Refactor matmul test suite. #22

ScottTodd · 2024-09-05T22:52:05Z

Progress on #2. See also the long Discord thread here.

Summaries of changes

Further decoupled test suites from the core CMake project

Forked iree_native_test.cmake to iree_test_suites_native_test.cmake
- Dropped support (temporarily?) for testing on Android, RISC-V, and ARM with SME
Forked iree_e2e_generated_runner_test.cmake to iree_test_suites_runner_test.cmake
- Dropped support (temporarily?) for filtering within the build system which tests are defined and compile .vmfb files
Now we can set -DIREE_BUILD_TESTS=OFF and avoid pulling in IREE's other tests
Added a new hand-authored linalg_ops/matmul/CMakeLists.txt that runs tests on each backend using default flags

Simplified the test generator

Dropped unused functions
Folded GPU-specific shapes into generic "small" and "large" shape test suites

Ran the `generate_e2e_matmul_tests.py` script offline and checked in the generated files

Currently 56 files totaling 1.90MB on disk (~27000 lines of code according to GitHub)
Now we can inspect the test cases without needing to run the generator locally, and I fixed a few formatting issues
I think this makes test suite management easier, and having the generated files in this test suites repository doesn't cost the main repository much (just extra git checkout time), but I could see a case for more tightly coupling the generator with the test runner

What is left to do?

I want to iterate some more on the linalg_ops/matmul/CMakeLists.txt file or move to a different test runner somehow. I mainly want to support XFAIL in some way for both compiling and running.
We should add back tests using CPU features like AVX512, GPU features like Vulkan float16 extensions, and other non-default flags somehow. Either infer what the compiler can from the host / target, or add test suites explicitly.

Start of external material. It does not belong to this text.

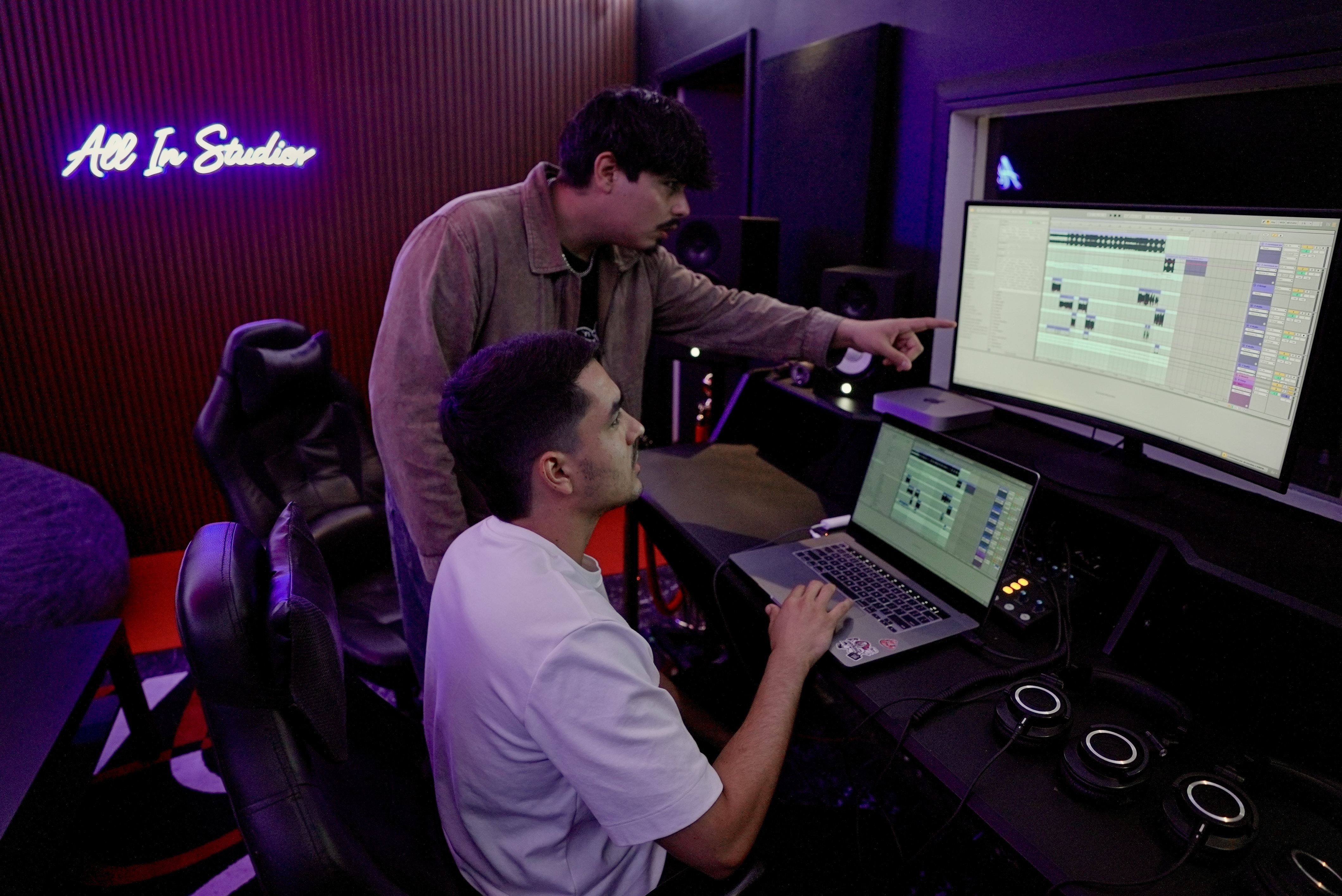 Engineer and artist in a recording session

ScottTodd · 2024-09-05T23:21:53Z

Requested reviews from a few people that might have suggestions. Sorry, the code is kind of gross before and after... such is the nature of test suites x_x

bjacob

Thanks for looking after these tests!

ScottTodd · 2024-09-06T16:03:18Z

linalg_ops/matmul/generate_e2e_matmul_tests.py

+            # Shapes involving vectors (i.e. most rectangular cases).
+            TestShape(m=1, k=1000, n=1000, accumulate=True),  # large vector*matrix
+            TestShape(m=1000, k=1000, n=1, accumulate=True),  # large matrix*vector
+            TestShape(m=1000, k=1000, n=1, accumulate=False),  # large matrix*vector


I could see these matvec / vecmat test cases getting their own "shapes" group.

Other ideas:

small

large

vectors

square

aligned (all dimensions multiples of 4/8)

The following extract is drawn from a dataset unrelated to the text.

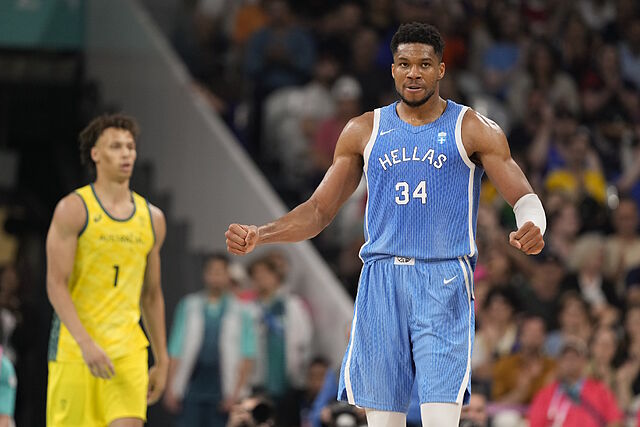 Giannis Antetokounmpo, of Greece, celebrates after a basket in front of Dyson Daniels.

unaligned (odd number dimensions)

model_unet

model_resnet

model_llama

What other groupings would make sense to test and label?

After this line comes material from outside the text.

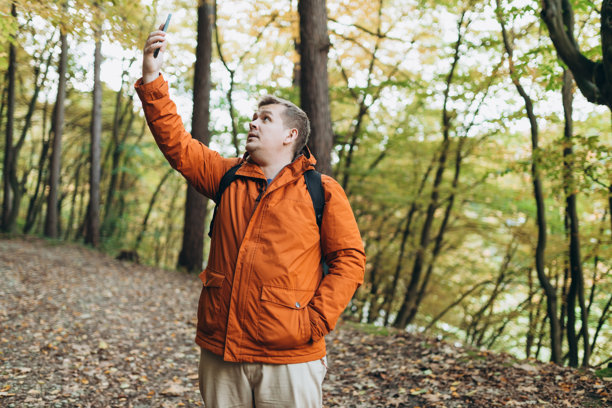 失落而愤怒的金发男子在森林中独自徒步旅行时迷路，无法在手机上找到网络连接。公路旅行、交通、旅行、科技和人类概念。高质量照片图片下载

Let's think about why exactly do we sometimes want to split test cases into separate "shapes" groups?

I say it's:

To get low-latency small-shapes tests that we can always run, regardless of high latencies and other problems with bigger shapes.

To get shapes that are deemed "suitable" for a particular target. Originally I had created only "small" and "large", both containing odd (what people call "unaligned") shapes to exercise the most corner cases. Then early GPU codegen folks came in and added GPU tests but said "hold on, we can't actually support odd shapes on GPU". That was the reason why "gpu_aligned" was introduced. I don't suppose that's current anymore?

I don't know a reason to split vectors into their own separate group.

I was leaning more towards a single file per test case, like how https://github.com/nod-ai/rocm-gemm-benchmark/tree/main/kernels/mlir is set up. That has "problem sizes" coming from shapes found in production models: https://github.com/nod-ai/rocm-gemm-benchmark/blob/main/gemmbench/problems.py . The focus there is benchmarking though, not correctness testing.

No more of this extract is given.